What the task asks ::
Without including any pictures, copy each entry below exactly.

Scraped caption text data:
________________________

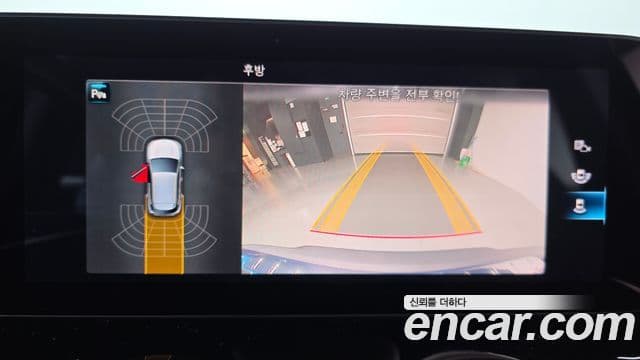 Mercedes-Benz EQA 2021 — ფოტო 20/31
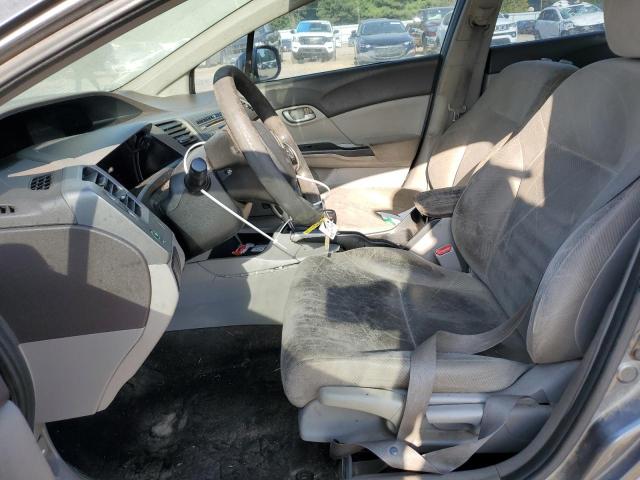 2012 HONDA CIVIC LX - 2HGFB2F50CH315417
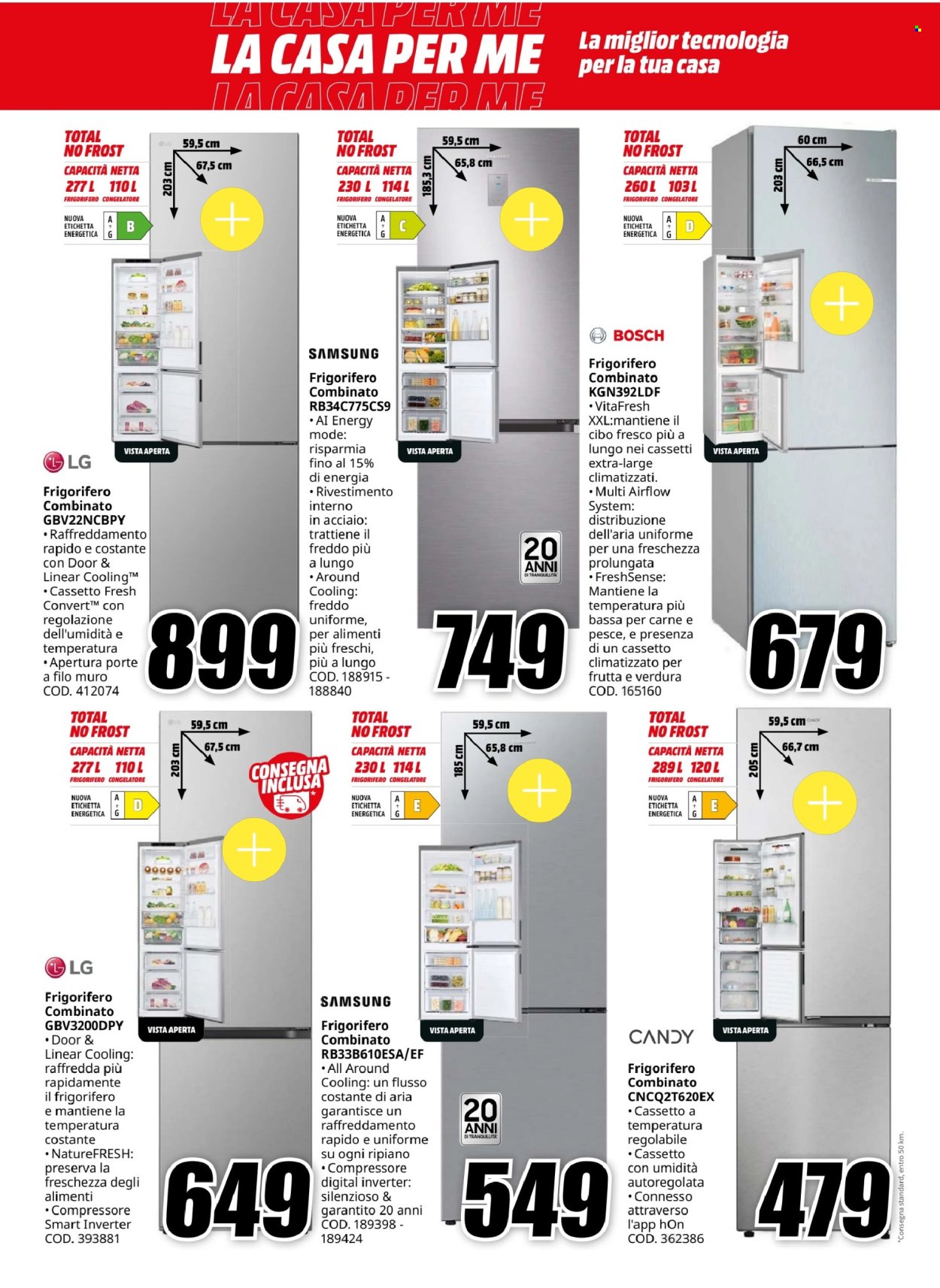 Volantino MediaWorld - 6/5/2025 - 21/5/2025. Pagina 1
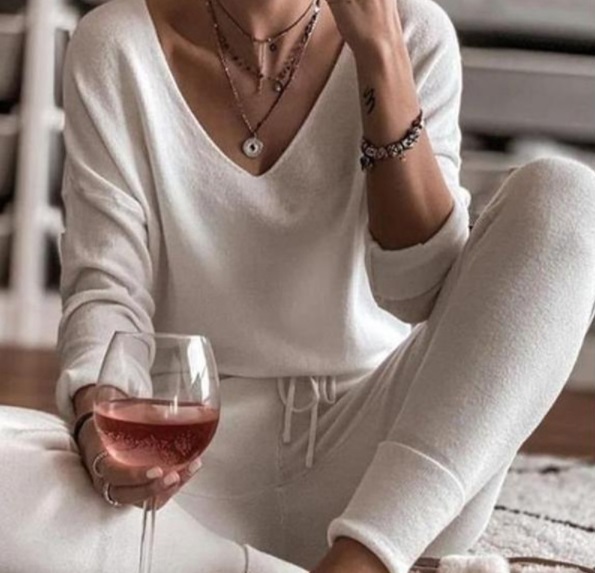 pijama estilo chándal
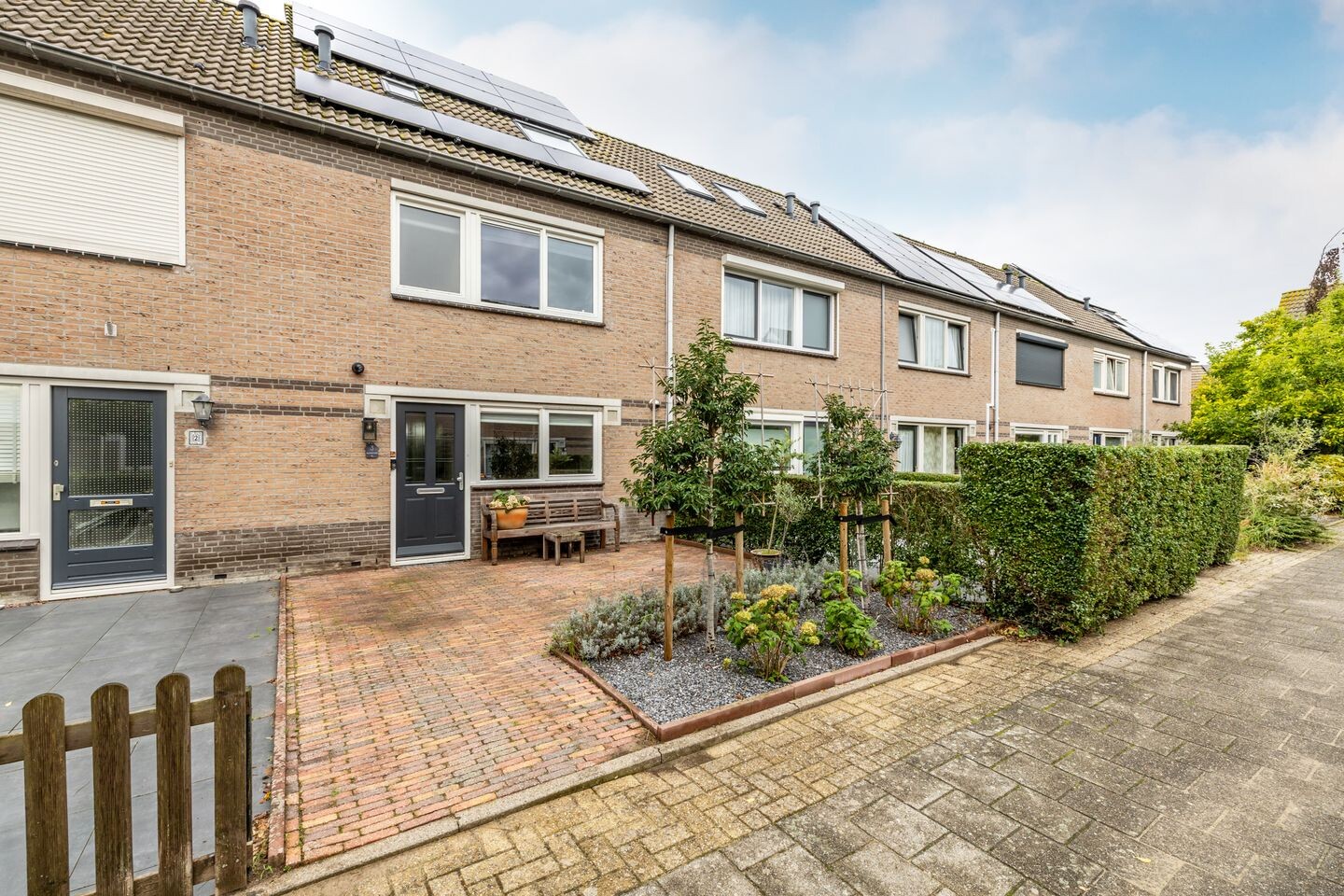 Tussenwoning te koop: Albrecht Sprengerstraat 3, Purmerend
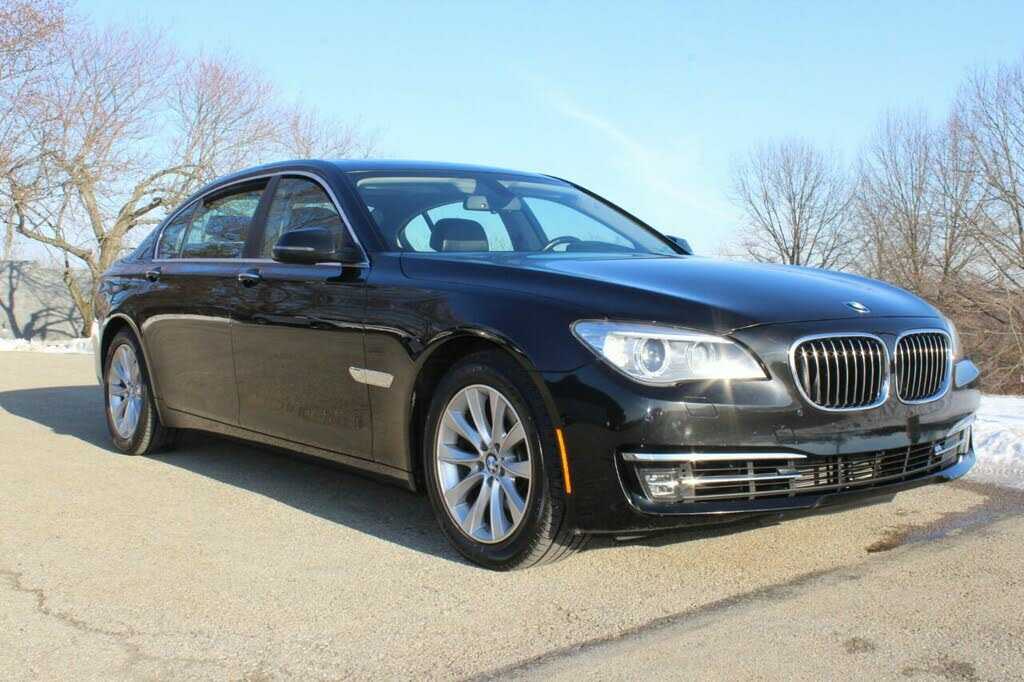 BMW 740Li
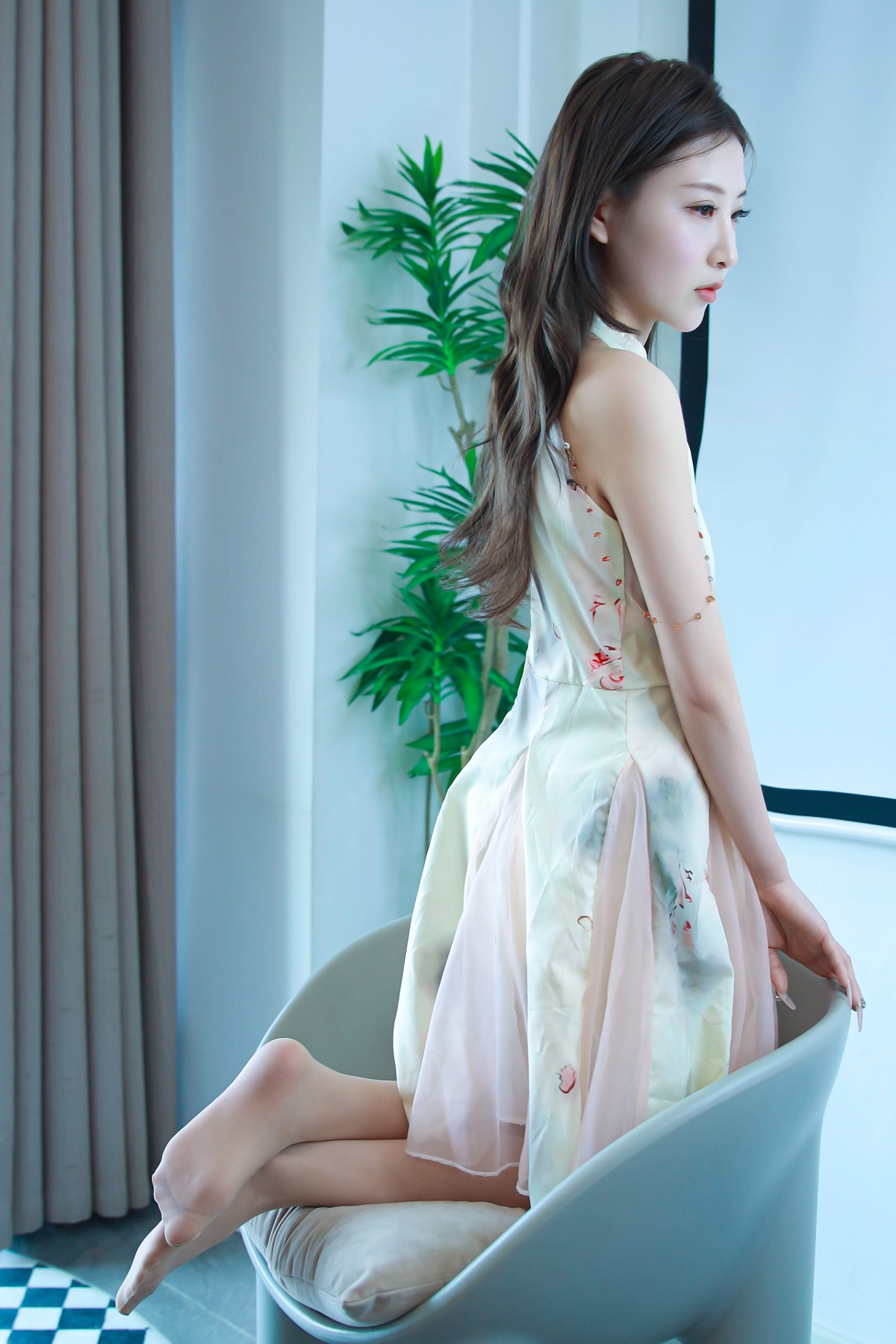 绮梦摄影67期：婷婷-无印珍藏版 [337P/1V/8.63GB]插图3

________________________

Result ::
 Mercedes-Benz EQA 2021 — ფოტო 20/31
 2012 HONDA CIVIC LX - 2HGFB2F50CH315417
 Volantino MediaWorld - 6/5/2025 - 21/5/2025. Pagina 1
 pijama estilo chándal
 Tussenwoning te koop: Albrecht Sprengerstraat 3, Purmerend
 BMW 740Li
 绮梦摄影67期：婷婷-无印珍藏版 [337P/1V/8.63GB]插图3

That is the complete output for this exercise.